Recently there's been a lot of conversation in the blogosphere on the validity of small presses in the publishing world. It's gotten so heated that pub peeps are arguing all over Twitter--and making interesting points on both sides. Because I'm both an agented writer aiming for publication, and an editor for a small press, both sides of the argument have drawn my attention. In case you've missed the conversation, I wanted to post links to some of the main points to get you caught up.
SFWA published this comprehensive post in their Writer Beware section a couple months back on evaluating the validity of a small press:
It started some conversation, but the most heated part of the debate began with this post from Beth Revis on Reddit listing the red flags for small presses that may not be on the up-and-up:
Some Small Presses Aren't Worth it
Beth's post caused riled-up small press publishers (and even some authors) to start defending themselves on Twitter.

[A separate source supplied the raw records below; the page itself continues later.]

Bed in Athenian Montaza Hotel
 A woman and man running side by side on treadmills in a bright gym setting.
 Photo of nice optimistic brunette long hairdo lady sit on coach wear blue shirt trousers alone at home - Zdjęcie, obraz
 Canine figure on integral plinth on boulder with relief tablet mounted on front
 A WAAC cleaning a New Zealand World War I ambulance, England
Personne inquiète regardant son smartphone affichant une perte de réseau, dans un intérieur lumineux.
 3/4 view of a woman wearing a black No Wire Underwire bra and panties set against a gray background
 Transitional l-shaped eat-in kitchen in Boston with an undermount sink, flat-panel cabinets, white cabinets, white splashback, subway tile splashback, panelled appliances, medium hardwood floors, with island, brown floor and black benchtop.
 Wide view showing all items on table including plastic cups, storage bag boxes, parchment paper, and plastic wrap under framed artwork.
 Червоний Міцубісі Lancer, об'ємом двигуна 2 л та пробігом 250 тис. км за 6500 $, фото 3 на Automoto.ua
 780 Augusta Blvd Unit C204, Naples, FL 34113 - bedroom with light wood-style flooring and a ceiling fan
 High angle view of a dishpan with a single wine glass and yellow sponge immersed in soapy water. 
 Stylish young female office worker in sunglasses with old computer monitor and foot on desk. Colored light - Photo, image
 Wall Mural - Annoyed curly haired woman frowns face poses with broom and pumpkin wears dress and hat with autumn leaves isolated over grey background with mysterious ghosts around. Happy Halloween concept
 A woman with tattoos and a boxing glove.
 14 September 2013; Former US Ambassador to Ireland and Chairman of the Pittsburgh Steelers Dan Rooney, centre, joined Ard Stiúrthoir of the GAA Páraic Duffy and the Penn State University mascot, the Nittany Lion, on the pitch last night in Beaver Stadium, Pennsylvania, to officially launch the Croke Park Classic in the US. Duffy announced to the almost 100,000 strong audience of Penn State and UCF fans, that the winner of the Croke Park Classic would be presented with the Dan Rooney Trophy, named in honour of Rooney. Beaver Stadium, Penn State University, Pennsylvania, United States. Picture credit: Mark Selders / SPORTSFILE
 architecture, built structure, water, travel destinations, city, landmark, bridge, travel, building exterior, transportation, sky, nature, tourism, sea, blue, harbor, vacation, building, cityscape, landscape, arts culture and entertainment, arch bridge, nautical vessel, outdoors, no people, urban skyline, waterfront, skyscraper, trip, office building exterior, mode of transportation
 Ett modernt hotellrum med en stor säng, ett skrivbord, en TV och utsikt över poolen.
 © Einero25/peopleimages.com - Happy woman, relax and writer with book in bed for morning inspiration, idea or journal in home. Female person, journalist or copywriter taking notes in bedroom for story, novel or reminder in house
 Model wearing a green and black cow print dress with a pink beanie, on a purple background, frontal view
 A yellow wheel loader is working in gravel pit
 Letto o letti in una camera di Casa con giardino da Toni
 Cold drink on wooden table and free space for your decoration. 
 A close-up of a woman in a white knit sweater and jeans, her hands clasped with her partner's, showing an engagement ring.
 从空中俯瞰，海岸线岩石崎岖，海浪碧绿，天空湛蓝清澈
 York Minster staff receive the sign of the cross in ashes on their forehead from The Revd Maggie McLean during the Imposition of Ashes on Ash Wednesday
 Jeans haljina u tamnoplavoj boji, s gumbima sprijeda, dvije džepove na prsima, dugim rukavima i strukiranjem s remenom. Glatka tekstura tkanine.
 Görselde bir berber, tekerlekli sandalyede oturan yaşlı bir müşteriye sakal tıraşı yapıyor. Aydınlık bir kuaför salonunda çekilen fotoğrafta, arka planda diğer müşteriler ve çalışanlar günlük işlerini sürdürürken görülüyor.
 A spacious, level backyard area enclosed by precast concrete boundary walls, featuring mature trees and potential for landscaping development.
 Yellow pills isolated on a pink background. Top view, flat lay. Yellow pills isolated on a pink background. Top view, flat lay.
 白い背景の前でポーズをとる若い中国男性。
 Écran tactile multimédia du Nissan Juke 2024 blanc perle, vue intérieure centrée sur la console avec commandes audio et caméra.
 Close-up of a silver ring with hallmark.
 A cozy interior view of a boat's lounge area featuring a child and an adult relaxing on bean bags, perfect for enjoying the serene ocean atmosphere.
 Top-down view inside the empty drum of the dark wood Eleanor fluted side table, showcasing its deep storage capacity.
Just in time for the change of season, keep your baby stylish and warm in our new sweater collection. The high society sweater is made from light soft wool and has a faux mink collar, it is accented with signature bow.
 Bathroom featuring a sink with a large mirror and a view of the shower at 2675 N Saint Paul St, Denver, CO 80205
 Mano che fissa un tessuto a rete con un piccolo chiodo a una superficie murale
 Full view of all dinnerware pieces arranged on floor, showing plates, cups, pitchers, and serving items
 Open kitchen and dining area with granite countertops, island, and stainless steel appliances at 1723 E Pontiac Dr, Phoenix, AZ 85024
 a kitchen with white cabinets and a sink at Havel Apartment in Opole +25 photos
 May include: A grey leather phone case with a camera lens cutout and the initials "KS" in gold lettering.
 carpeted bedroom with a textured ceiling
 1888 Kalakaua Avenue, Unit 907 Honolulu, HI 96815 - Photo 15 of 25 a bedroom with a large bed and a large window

I won't name names, but you can read a slew of tweets from publishing world players and see some venom flying. Almost immediately, bestselling small press author Jennifer L. Armentrout put up this post on her blog:
My Name is JLA and I'm Published with a Small Press
Soon after, agents involved in the discussion began posting lists of specific small presses whose validity they could confirm, a useful addition to unpublished authors who were following the no-press-named debate online. For example, agency Foreword Literary, a new conglomerate of experienced agents, listed their favorites here:
Small Presses and the Interwebz
I think the moral of everyone's story is that there are some crappy small presses out there, and there are some great ones too, and each writer must do exhaustive research (starting by reading all of the links above) to figure out the best path for her particular manuscript.